国内製塩大手4社がタッグを組む。ダイヤソルト(福岡市博多区、熊野直敏社長)、ナイカイ塩業(岡山県玉野市、野﨑泰彦社長)、鳴門塩業(徳島県鳴門市、安藝順社長)、日本海水(東京都千代田区、西田直裕社長)の4社は4月1日に新団体「一般社団法人日本塩協会」を設立する。
イオン交換膜法製塩企業が全て揃って団体を構成するのは2011年4月以来13年ぶり。代表理事副会長に就任する西田社長は3月26日の会見で「塩は食品のみならず多様な分野に欠かせない。業界が発展し、将来にわたり安定的に供給できるよう全メーカーが心を一つにして取り組む」と決意を示した。

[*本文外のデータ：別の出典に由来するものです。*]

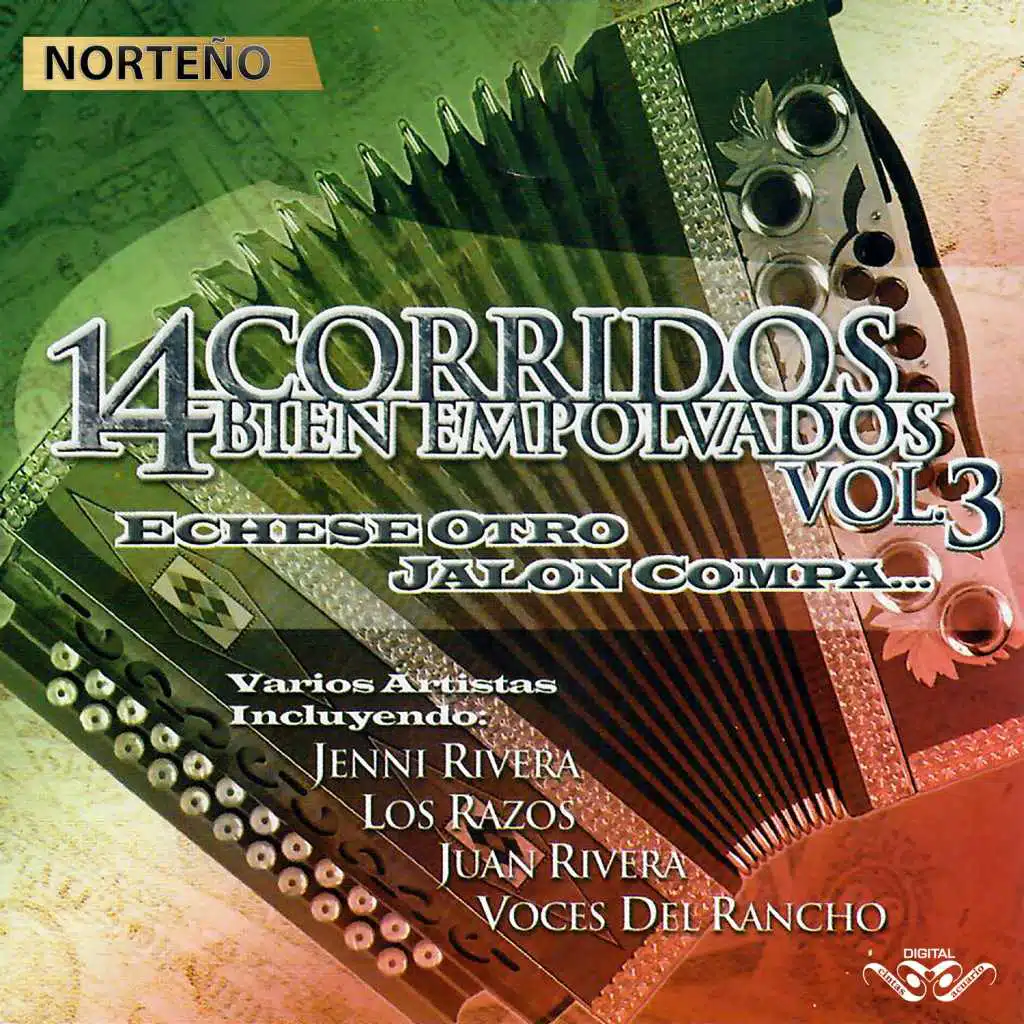 14 Corridos Bién Empolvados Echese Otro Jalón Compa, Vol. 3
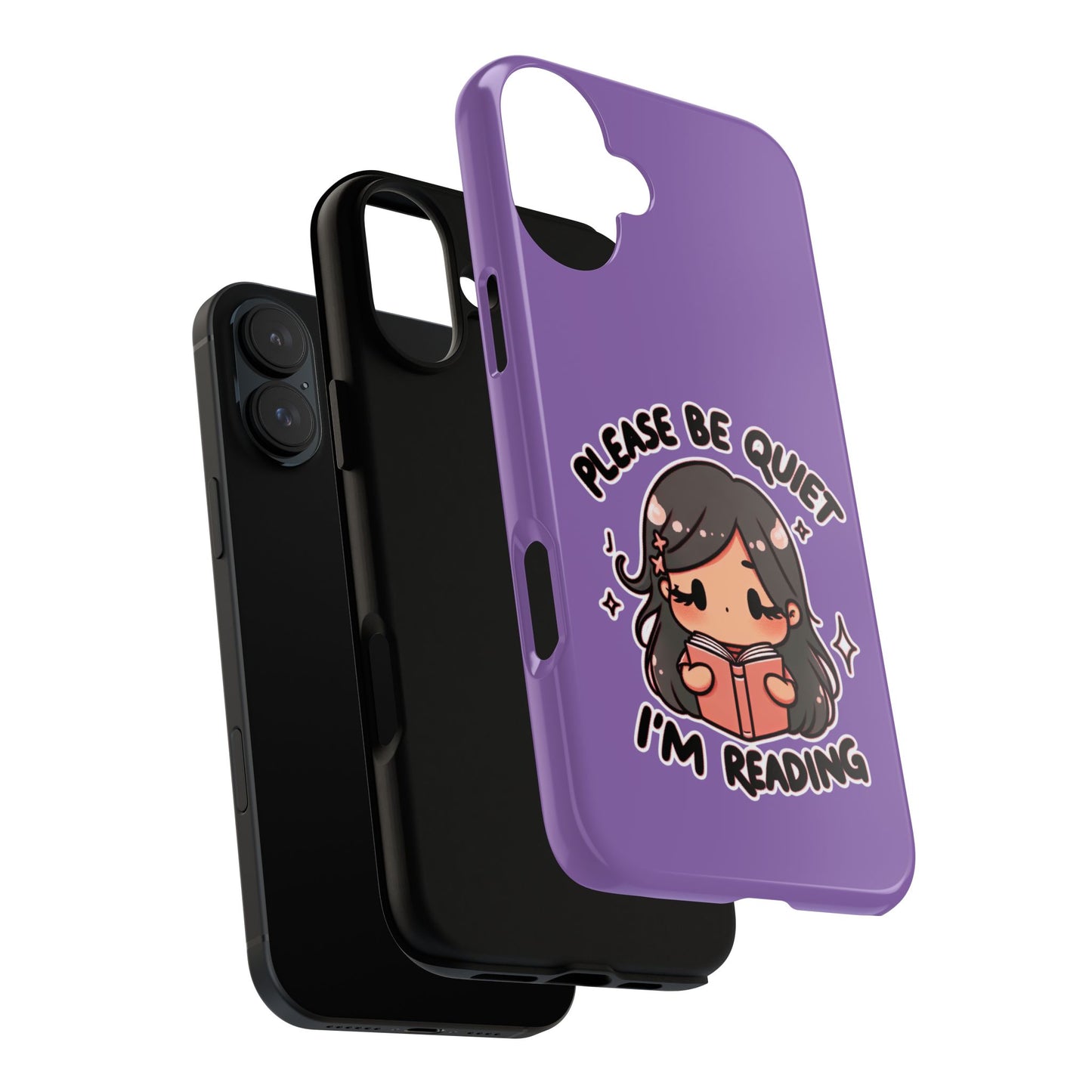 Reading Phone Case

前3社の代表は理事に就任し、野田毅前衆議院議員が会長職を担う。また専務理事を寺下聡日本塩工業会顧問(ダイヤソルト前社長)、監事を石井英年鳴門塩業専務がそれぞれ務める。
イオン膜法製塩企業の業界団体には1972年に7社体制で設立された日本塩工業会があり、11年4月に日本海水が退会した後、前述の3社体制で運営してきた。この度、最大手の日本海水を含む4社体制で新団体のスタートを切る。「日本塩協会」と名を改めた理由について西田社長は「『工業』という言葉の持つイメージが、優れた食用塩としての認知を阻んできた側面がある」と話す。
新団体の主な活動は「カーボンニュートラルなど諸課題への対応」と「国産塩の広報活動」の2つ。
程度の差はあるものの、各社とも製塩工程で石炭を利用している。石炭は22年半ばに20年比3倍を超える異常な高値に達し、製塩企業の利益を大きく削った。2度の価格改定でなんとかマイナス分の補填に努めているところだが、政府の掲げる「2050年カーボンニュートラル」達成には燃料転換が欠かせない。ボイラー交換には数十億円の投資が必要となり、メンテナンスを含めた長期的なランニングコストも勘案しなければならない。エネルギー転換の経営判断に資する情報を収集・共有し、安定供給の継続を図る。
また「国産塩の広報活動」では「安全性・優位性・必要性」の認知拡大を目指す。
海水からイオン交換膜で塩化ナトリウム(NaCl)の純度を高める製塩法は、不純物の残存が極めて少なく安全性にすぐれる。また地政学リスクの高まりが懸念される中、国産塩の供給体制を維持する必要性も高まっているとし、消費者への理解を求める。
各取組の具体的な内容や、日本塩工業会で進めていた事業の取り扱いなどについては、4月以降に検討し、5月を目安に詳細をまとめる。
なお同会や日本海水、塩事業センターらが昨年6月に締結した「緊急時の相互協力に関する基本合意書」は有効なものとして継続される。